Edgardo
Malaver
Maestro bueno, ¿qué debo hacer? Ilustración china (1879) del pasaje de Jesús y el joven rico |
Hace un año publicamos en Ritos un artículo inspirado en el Día
del Maestro en el que, sin embargo, hablaba yo de la etimología de la palabra alumno. Se titulaba “Niños de pecho”.

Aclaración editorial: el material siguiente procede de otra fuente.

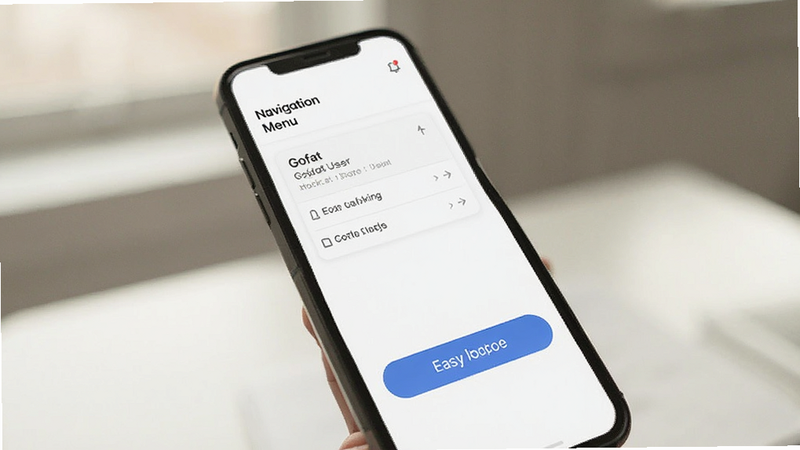 Gofat user interface mockup, showing simple navigation menu, easy-to-read buttons, smartphone screen, minimalistic UI, soft lighting
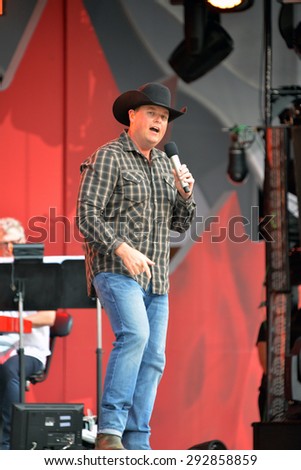 Ottawa, Canada - June 30, 2015: Canadian country singer Gord Bamford in rehearsal, which was open to the public, for the Canada Day concert scheduled the next day.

Hoy, abrumados de tristeza por el inmerecido desprestigio que sufre, dedicamos
este día a la palabra maestro.
La palabra maestro proviene del
sustantivo latino magister, o magistrum. Sabiendo esto, uno finalmente entiende por qué los
maestros, entre sí, llaman magisterio
a su profesión, a las actividades que llevan a cabo o, incluso, a las
organizaciones que los agrupan. Entiende también uno lo que significa el
término clase magistral. Y si es por ampliar
el vocabulario, uno anota entonces magistratura,
magisterial, maestría (que solemos llamar magister
scientiarum), contramaestre, maestranza. Todas ellas parecen
referirse a alguien o algo que destaca de lo demás.

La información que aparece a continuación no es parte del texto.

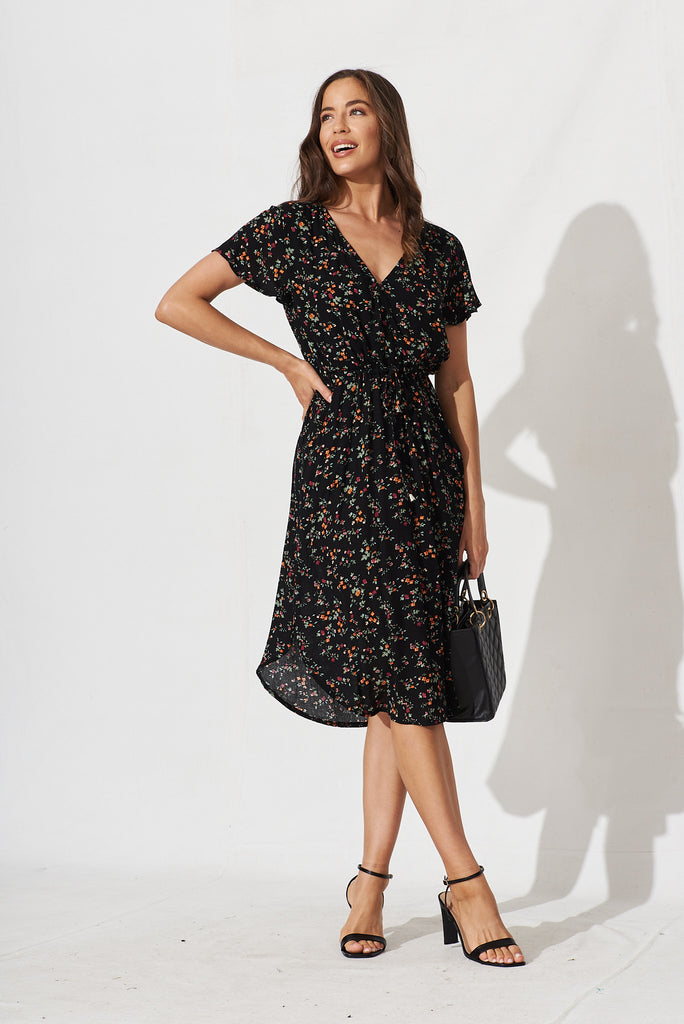 Billie Dress In Black With Multi Ditsy Floral - full length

Ciertamente. La palabra contiene el
adverbio magis, que equivale a nuestro
más. Para resumir lo que podría ser
una charla demasiado fastidiosa sobre una lengua que mi familia no ha hablado
ni estudiado, por lo menos, en las últimas cinco generaciones, concluyamos que uno
llama maestro al ‘que sabe más’ de un asunto, de una disciplina (en la que lo
siguen unos discípulos). Por otro
lado, con el adjetivo minus, ‘menos’,
se construyen minister, que en
español equivale a ‘sirviente’, ‘lacayo’, ‘criado’, y, lógicamente, ministerio, es decir, el ‘servicio’... o
así era en la antigüedad. En la actualidad, curiosamente, el magisterio está bajo
las órdenes de ministros, que no suelen ser maestros de nada ni parecen
interesados en llegar a serlo.
En inglés, la palabra master, que equivale a ‘amo’, pero
también a ‘maestro’ en un sentido más místico —Jesucristo y Confucio son
maestros, Obama es un simple lecturer—,
deriva igualmente de magister, como maître en francés, mestre en catalán y maestru
en rumano. Siempre rodeadas estas palabras de la dignidad que da el respeto que
sienten los demás por quienes no sólo enseñan sino que además no cesan de
aprender, como si siempre fueran pupilos de escuela, como si intentaran hallar
el ser humano que llevan por dentro.
En español, y en todos los idiomas, que
yo sepa, sólo después de obtener una licencia (o licenciatura) para ejercer una
profesión puede uno inscribirse en una maestría, es decir, no se alcanza el
grado de maestro al concluir los estudios universitarios. El de maestro es,
pues, un título mucho más honroso que el de profesor, por más que muchos
profesores se sientan disminuidos —hasta se molestan— cuando los llaman así.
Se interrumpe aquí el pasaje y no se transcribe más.